I’m often caught in this weird place where people tell me I share too much, or too little, or don’t engage enough, or engage too much. And you know, all I want to do is write. I can write here or plunk away in cool silence in this big 1890s house, but at some point, if you want anybody to read anything you write, you need to crawl out of the house and back into the world.
Booklife came to me at just the right time. I’d sold a book, had it get caught in limbo, and was happily cocooning in my real life. Trouble is there are two big parts to The Writing Life. There’s the writing, and there’s the marketing. There’s the interacting with the world, and there’s creating worlds. Today, it often feels like I can do one or the other but not both at once. And… well, let’s say that interacting with the world makes me tired. I’m in marketing at the day job, and that means people and politics and social media all day. It’s the last thing I want to do when I come home.
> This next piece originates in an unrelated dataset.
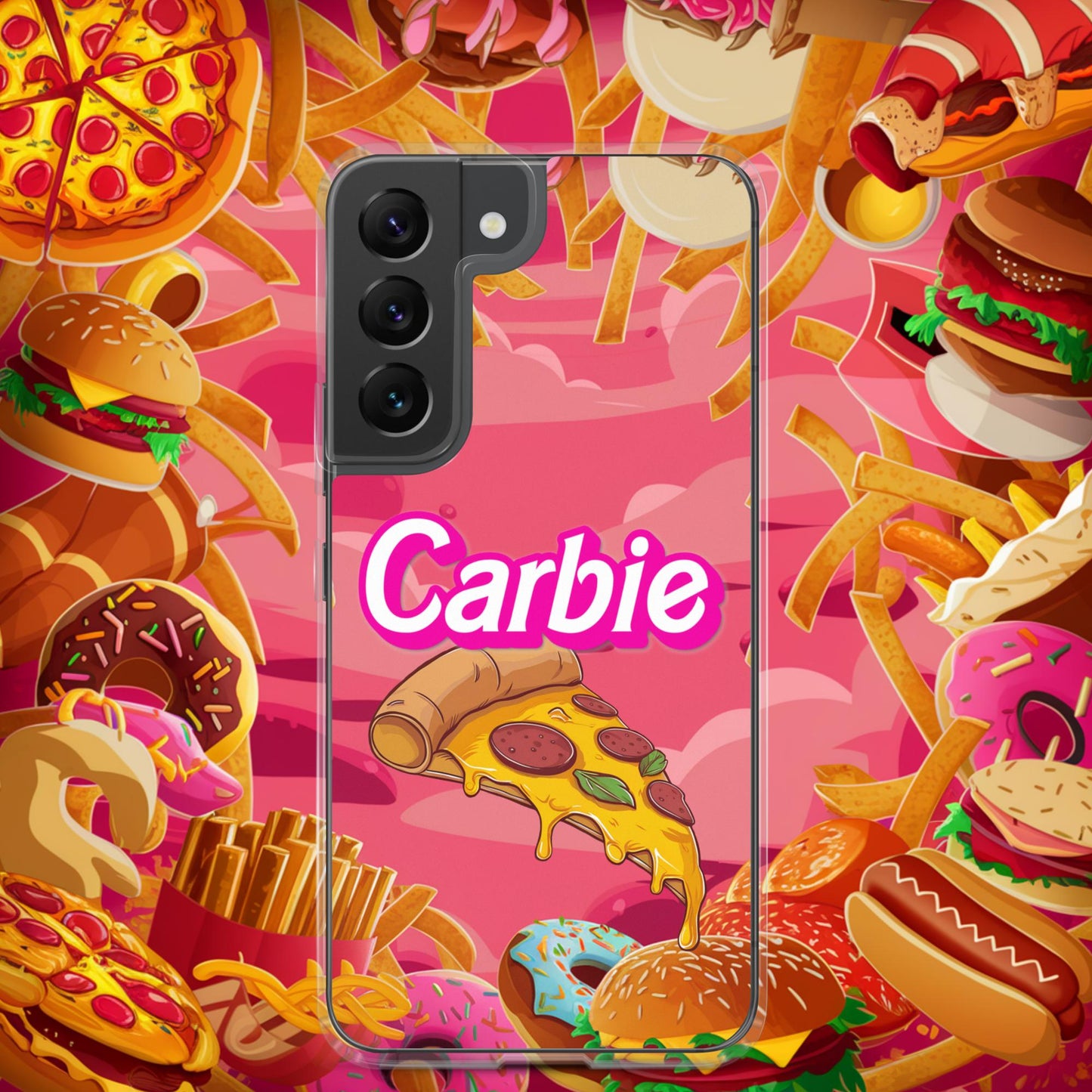 Carbie Barbie I Love Carbs I Love Pizza Clear Case for Samsung Samsung Galaxy S22 Mobile Phone Cases Barbie Carbie Fast Food Ken Movies Pizza Next Cult Brand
I enjoyed Booklife because I got to see how another writer negotiated the writing vs. marketing portions of life. Because let me tell you – it often feels like they’re directly opposing forces. He gives some great strategies on how to move from writing to marketing mode and leverage social media tools. Yes, the tools he talks about may be obsolete soon, but the rules of social media (thus far) are pretty portable across mediums.
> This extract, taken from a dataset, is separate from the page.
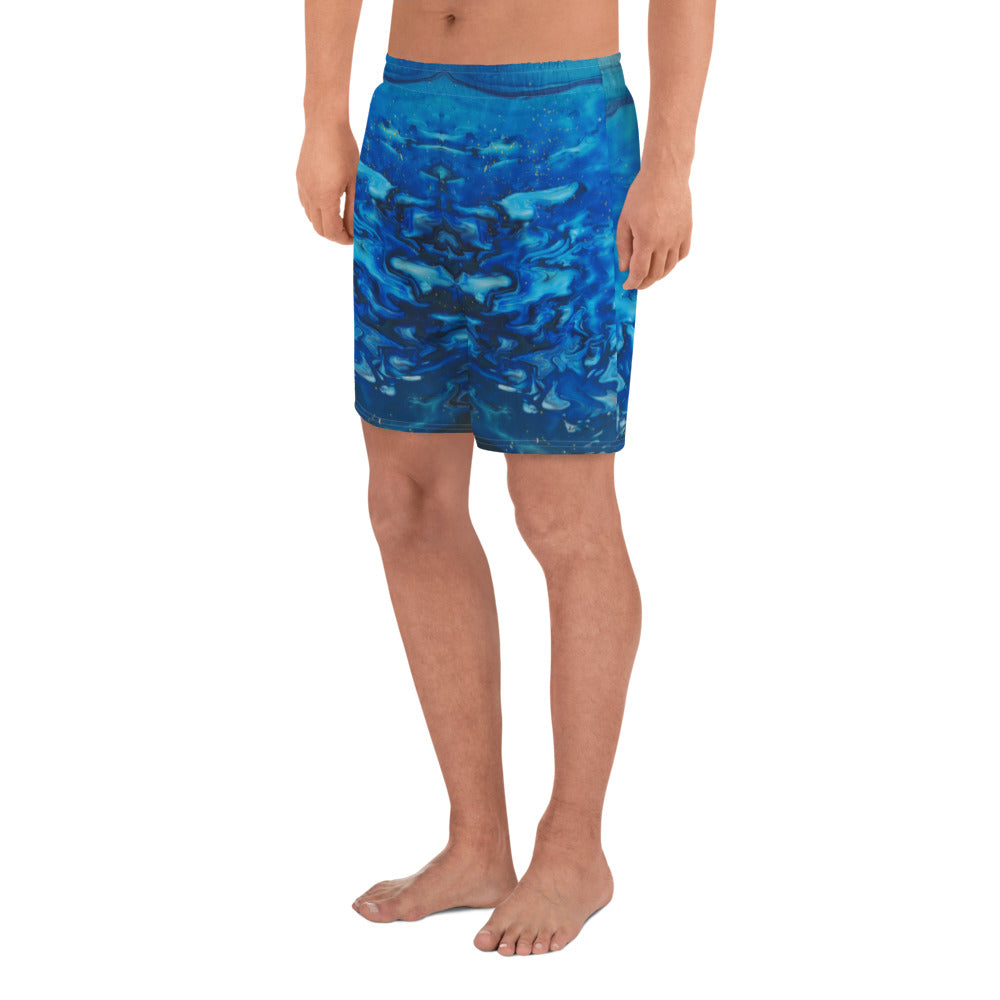 Gold Stream Water Athletic Long Shorts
For me, it was the right book at the right time. How do you interact with the world without exhausting yourself? How do you withdraw enough that you can be creative but not lose momentum with your social media audience? It’s a tough negotiation that I’m right smack in the middle of right now, and seeing how VanderMeer is negotiating his own booklife was… comforting? I want to know it can be done. That I can build a writing career and still have some part of my life that’s still mine. I need enough left to create something.
Because I’ve spent a year being battered around by publishing woes, and I’m far too young and unpublished to become a bitter midlister just yet.